Where Caricom is concerned the situation for President Granger is different. The organisation is not what it was when Prime Minister Eugenia Charles of Dominica wanted Guyana thrown out following the December 1985 ‘election’, and Prime Minister James Mitchell of St Vincent arranged a hurried meeting on the island of Mustique. There, then President Desmond Hoyte committed to free and fair elections with international observers, and a free press. By the time it came to former President Ramotar’s turn, it was reported that the Caricom Council of Ministers was satisfied that the prorogation of parliament was in keeping with the provisions of the Guyana Constitution and did not constitute a breach of the Commonwealth Charter.
By then, however, Caricom had been penetrated by Venezuela, which had been very generous to some of the islands, and had provided subsidised oil to the region. Several members had joined President Chávez’s ALBA, with its objective of regional economic integration within the context of socialism. If these islands couldn’t condemn Venezuela’s undemocratic practices, they couldn’t condemn those of Guyana.
While ALBA has become irrelevant, Caricom still does not speak with one voice, or anything close to one voice. In any case, given the continued links of some to Venezuela, and their reluctance to condemn that country in the OAS, one imagines President Granger does not have a great deal to fear from that direction. He will, however, be interested in securing Caricom’s backing because of its influence in the Commonwealth.
There is too, the OAS, but given its preoccupation with Venezuela, one suspects that Mr Granger will not have to devote his attentions there, at least for the moment.
In his lecture the President presented the case that recent political developments had been subject to misinterpretation and misrepresentation of the government’s intentions. It can only be remarked that intentions are inferred from actions, and if those actions allow of only one interpretation, then the question of misinterpretation doesn’t arise. So, for example, to cite just one case in point, if the Constitution requires the resignation of Cabinet and President following a vote of no confidence, and then they do not resign, wherein lies a critic’s misinterpretation of government’s intentions?
President Granger’s reaction has been to claim he is in conformity with the Constitution, and in an attempt to demonstrate this, he has been engaged for some time in revisionist interpretations of this country’s framework document. Now he is applying the same technique to the decisions of the CCJ to justify himself. “They [the CCJ judges] sought to explain more clearly and to interpret certain provisions of the Constitution,” he told his two audiences.

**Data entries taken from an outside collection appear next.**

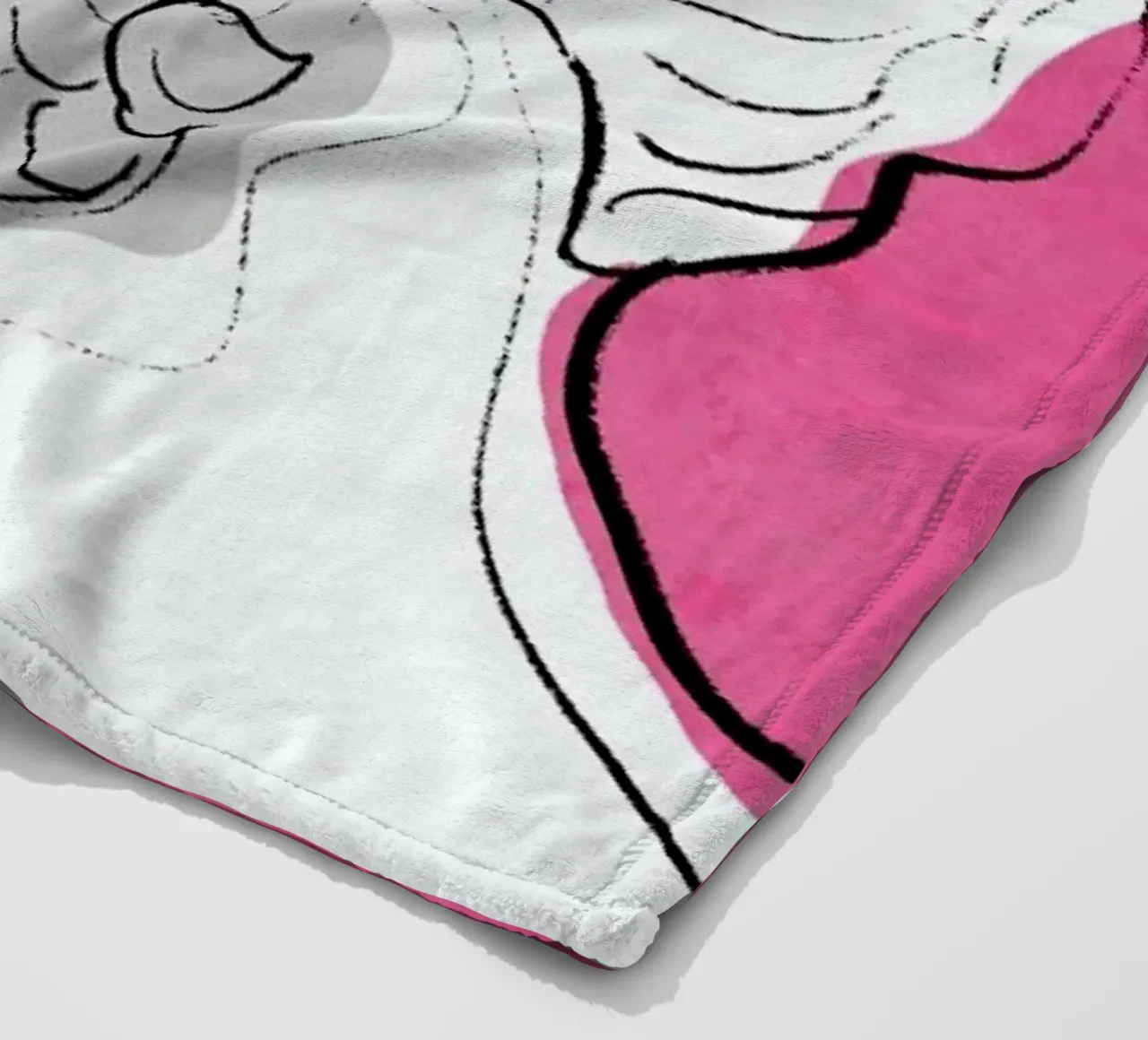 Aares coperta in pile da treechild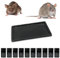 Repulseo® Trampas con Pegamento para Ratones y Ratas, Anti Ratas Ratones, Placas de Glue antiroedores, Captura Roedores, antiratones (10 Placas Adhesivas)
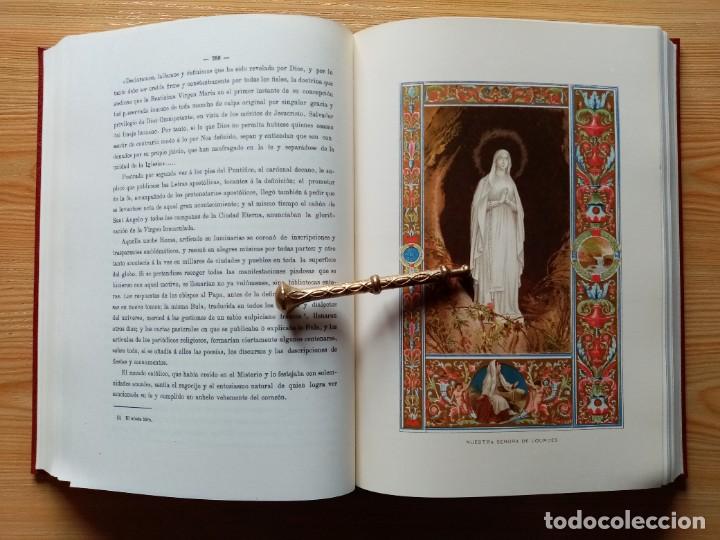 Libros de segunda mano: HISTORIA DE LA SANT&Iacute;SIMA VIRGEN MAR&Iacute;A - FACSIMIL - Foto 25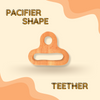 Pacifier Shape Neem Wood Teether
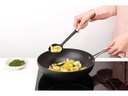 Brabantia Servierlöffel Profile Line Edelstahl, Schwarz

Those interpretations, however, are his own, not what the Justices had to say.
It is hard to believe that the President does not know that the representatives of the international community, more especially the Commonwealth, are perfectly capable of reading and understanding the provisions of the relevant articles of the Constitution, not to mention the rulings of the CCJ judges without his help. After all, they are both perfectly clear and brook of no aberrant interpretations.
The President would be advised to take another look at his strategy. While he may conceivably bluster his way through locally, that may not work at the international level, as Messrs Hoyte and Ramotar found out to their cost.